* Requirement: Repeat the lines of the material below exactly, beginning at the one with "A motorized patient" and stopping after the last.

####

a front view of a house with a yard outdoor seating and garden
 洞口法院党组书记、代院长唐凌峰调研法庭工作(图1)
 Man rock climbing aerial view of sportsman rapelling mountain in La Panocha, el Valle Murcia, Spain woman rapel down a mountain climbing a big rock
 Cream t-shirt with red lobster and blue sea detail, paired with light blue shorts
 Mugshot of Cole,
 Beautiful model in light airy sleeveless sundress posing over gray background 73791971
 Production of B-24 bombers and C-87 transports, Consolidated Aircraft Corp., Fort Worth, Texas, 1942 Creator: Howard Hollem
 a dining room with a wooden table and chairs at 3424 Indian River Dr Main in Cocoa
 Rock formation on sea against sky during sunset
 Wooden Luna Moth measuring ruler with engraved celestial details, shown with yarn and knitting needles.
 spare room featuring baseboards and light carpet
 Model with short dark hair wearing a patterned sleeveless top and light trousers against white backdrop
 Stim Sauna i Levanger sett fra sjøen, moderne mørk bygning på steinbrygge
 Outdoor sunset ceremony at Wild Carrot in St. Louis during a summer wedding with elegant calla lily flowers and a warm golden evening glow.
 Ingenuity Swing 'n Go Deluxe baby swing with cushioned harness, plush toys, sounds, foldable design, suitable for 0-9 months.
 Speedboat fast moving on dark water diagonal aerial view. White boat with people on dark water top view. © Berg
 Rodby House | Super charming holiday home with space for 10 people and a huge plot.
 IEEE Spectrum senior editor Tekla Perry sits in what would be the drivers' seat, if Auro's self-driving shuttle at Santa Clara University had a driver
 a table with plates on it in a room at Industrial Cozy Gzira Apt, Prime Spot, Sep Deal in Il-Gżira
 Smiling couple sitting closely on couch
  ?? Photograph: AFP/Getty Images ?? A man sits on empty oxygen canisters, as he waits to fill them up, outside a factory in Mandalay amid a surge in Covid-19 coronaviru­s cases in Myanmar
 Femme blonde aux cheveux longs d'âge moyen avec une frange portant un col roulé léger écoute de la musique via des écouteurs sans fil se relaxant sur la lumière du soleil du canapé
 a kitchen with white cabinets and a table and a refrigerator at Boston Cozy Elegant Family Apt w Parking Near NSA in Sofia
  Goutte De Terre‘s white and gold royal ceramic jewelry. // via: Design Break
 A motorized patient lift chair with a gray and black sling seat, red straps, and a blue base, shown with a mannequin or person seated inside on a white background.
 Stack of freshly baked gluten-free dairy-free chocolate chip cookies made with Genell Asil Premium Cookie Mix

####

* Task result:
 A motorized patient lift chair with a gray and black sling seat, red straps, and a blue base, shown with a mannequin or person seated inside on a white background.
 Stack of freshly baked gluten-free dairy-free chocolate chip cookies made with Genell Asil Premium Cookie Mix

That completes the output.